Use the results to create a culture map for your business, which could include:

  • The key things you want to achieve together
  • Team strengths
  • Commitments you will make to each other and the team
  • Expectations you have of people joining the team

Words of wisdom: Bringing out the best in people

Leadership is all about bringing out the best in people and it is not about a big ego. It is better not to think that you are the cleverest person in the room. Instead surround yourself with the best and enable them to perform. That way, you achieve what is good for you and good for them. Confidence is important but if you are too confident, you don’t try harder. A little bit of insecurity keeps you on your toes!

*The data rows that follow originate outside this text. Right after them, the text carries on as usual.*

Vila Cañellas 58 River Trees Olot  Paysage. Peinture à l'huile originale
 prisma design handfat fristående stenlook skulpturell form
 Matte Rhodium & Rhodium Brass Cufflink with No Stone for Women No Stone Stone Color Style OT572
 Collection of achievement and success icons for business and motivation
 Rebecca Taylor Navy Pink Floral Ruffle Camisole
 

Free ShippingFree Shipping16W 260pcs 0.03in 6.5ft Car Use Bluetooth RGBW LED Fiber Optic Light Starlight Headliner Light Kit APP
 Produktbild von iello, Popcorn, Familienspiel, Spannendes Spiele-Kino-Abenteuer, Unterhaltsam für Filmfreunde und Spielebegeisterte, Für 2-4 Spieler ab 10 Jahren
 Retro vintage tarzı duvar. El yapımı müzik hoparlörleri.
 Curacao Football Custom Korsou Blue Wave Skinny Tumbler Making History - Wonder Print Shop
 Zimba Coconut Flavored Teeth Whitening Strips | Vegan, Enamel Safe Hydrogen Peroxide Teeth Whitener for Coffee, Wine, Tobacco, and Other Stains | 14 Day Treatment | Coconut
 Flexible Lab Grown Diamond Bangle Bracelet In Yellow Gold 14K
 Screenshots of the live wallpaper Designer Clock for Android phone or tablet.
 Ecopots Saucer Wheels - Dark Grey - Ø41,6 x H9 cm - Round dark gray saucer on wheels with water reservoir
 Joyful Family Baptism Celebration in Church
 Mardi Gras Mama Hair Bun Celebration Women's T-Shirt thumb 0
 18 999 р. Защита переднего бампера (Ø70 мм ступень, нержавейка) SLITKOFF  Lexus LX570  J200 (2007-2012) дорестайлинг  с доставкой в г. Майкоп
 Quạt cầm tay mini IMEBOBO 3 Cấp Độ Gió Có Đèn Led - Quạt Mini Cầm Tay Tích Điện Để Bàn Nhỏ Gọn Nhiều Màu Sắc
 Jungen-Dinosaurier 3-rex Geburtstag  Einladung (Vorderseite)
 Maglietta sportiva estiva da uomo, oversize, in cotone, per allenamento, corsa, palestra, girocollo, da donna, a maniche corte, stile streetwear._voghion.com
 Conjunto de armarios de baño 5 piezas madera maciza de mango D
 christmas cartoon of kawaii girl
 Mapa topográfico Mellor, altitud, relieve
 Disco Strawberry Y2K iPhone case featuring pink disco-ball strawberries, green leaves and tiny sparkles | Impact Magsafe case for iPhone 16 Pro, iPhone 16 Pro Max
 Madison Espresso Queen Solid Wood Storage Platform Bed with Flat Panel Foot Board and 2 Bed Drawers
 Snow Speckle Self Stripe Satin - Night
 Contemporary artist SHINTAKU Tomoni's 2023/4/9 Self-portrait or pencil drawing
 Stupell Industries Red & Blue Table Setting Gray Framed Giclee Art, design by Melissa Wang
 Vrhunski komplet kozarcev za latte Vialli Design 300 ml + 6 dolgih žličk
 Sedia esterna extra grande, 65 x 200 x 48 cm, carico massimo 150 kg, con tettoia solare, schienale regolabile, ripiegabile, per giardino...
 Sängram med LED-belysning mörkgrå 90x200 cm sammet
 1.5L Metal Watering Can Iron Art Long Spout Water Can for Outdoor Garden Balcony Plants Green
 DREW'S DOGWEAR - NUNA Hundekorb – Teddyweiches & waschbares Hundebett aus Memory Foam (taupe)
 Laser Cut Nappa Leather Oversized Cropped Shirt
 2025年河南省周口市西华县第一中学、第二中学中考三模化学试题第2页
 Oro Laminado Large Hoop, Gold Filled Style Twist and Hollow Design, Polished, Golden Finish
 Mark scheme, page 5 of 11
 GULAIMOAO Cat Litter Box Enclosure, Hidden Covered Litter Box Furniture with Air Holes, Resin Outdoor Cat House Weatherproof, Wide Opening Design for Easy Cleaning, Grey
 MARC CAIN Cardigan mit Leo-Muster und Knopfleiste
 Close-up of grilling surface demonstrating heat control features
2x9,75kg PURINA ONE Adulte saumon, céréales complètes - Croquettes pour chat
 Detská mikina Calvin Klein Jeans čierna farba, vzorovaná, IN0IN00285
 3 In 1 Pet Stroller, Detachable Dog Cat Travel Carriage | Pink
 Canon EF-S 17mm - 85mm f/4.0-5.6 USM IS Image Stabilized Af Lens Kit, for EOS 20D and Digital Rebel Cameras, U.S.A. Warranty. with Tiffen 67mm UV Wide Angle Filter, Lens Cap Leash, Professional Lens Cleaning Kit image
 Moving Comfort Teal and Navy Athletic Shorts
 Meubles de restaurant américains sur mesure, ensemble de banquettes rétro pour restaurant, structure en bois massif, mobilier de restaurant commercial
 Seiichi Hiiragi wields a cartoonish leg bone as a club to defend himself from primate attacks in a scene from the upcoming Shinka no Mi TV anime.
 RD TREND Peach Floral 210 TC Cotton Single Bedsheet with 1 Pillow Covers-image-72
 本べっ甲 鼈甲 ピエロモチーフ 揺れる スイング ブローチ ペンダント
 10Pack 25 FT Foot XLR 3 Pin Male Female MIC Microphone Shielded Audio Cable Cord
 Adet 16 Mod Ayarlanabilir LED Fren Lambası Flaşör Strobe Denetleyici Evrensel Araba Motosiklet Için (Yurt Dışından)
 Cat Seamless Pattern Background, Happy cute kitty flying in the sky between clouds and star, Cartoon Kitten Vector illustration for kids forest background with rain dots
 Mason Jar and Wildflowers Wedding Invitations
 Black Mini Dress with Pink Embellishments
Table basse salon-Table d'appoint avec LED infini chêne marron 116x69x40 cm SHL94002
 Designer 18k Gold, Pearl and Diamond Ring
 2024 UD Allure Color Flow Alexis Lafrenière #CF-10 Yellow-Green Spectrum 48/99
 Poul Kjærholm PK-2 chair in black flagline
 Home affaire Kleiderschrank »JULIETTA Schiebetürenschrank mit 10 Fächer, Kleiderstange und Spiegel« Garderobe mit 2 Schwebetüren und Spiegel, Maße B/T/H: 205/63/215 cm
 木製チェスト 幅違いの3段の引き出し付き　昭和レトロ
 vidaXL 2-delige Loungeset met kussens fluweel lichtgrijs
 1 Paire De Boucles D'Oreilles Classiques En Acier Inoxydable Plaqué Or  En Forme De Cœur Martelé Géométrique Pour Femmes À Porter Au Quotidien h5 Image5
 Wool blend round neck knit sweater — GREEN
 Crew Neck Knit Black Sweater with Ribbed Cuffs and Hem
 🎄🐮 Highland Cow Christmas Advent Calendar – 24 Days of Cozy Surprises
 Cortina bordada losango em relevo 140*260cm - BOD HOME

Never think you are the finished article. Be endlessly curious. Be interested in people. Listen with attention. Think about what is going on around you in the world and how it might affect your business. Your empathetic skills will take you a great deal further than your analytical mind or academic qualifications.

‘Turn up on time and follow up’ are wise words to live by in your career – and in life! Be reliable, show up, take action. Your ability to hold someone’s confidence and to be trusted to deliver – and for that to be right – cannot be underestimated in your journey to the top. Decide what you want to achieve in your work and life – rather than see it as a competition to be better or bigger or richer or more adored than the next person. Be purposeful instead. Set your goals by what really matters for you. The journey may be complicated, unexpected stuff happens along the way, but your life will be more interesting!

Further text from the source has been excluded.